Unsold clothes

The Dilemma around Unsold Clothes

While many people assume that excess clothing gets sold in sales, for many fashion brands this
option alone isn’t sufficient to address excess inventory. As Chiara Spagnoli Gabardi writes for
Eluxe Magazine, no matter how popular a clothing trend may be, there is always going to be
unsold merchandise at the end of every season.

Approaches to dealing with this excess can vary among retailers, with some more
environmentally and socially conscious than others. While many brands sell their stock to
discount stores like TK Maxx or The Outnet, other approaches include periodic online sales or
donations to foundations like Oxfam or the Salvation Army. Some companies will proactively
encourage customers to recycle their clothing at their stores in exchange for discounts, while
others might take old stock and “upcycle it” to sell as a new item. Textile waste can be sold to
companies that pick up damaged clothes and sell them onto developing countries.

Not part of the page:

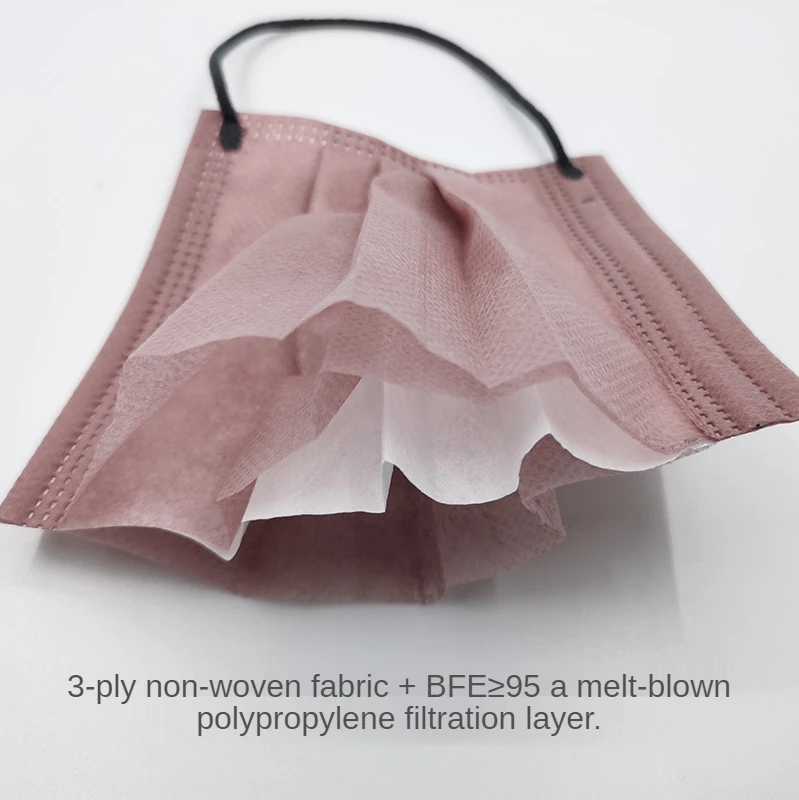 10/50/100pcs Morandi Disposable Face Mask Adult 3 Layer Non-woven Color Mouths for face women Protective mask masque | Безопасность и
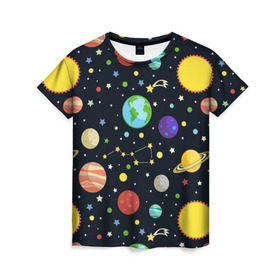 Женская футболка 3D с принтом Солнечная система , 100% полиэфир ( синтетическое хлопкоподобное полотно) | прямой крой, круглый вырез горловины, длина до линии бедер | большая медведица | венера | звезда | звезды | земля | космос | марс | меркурий | паттерн | сатурн | созвездия | солнце | уран | юпитер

However, many brands are still dumping clothing excess into landfill and it’s the luxury brands
(like Chanel, Burberry, Hermes and Louis Vuitton) that are the most resistant to alternative
measures, as discount sales or donations threaten the exclusivity and luxury image of their
brands. In fact, Abercrombie & Fitch CEO Mike Jefferies publicly stated he would “rather burn
the clothes” than to encourage the perception that “just anybody” could wear them.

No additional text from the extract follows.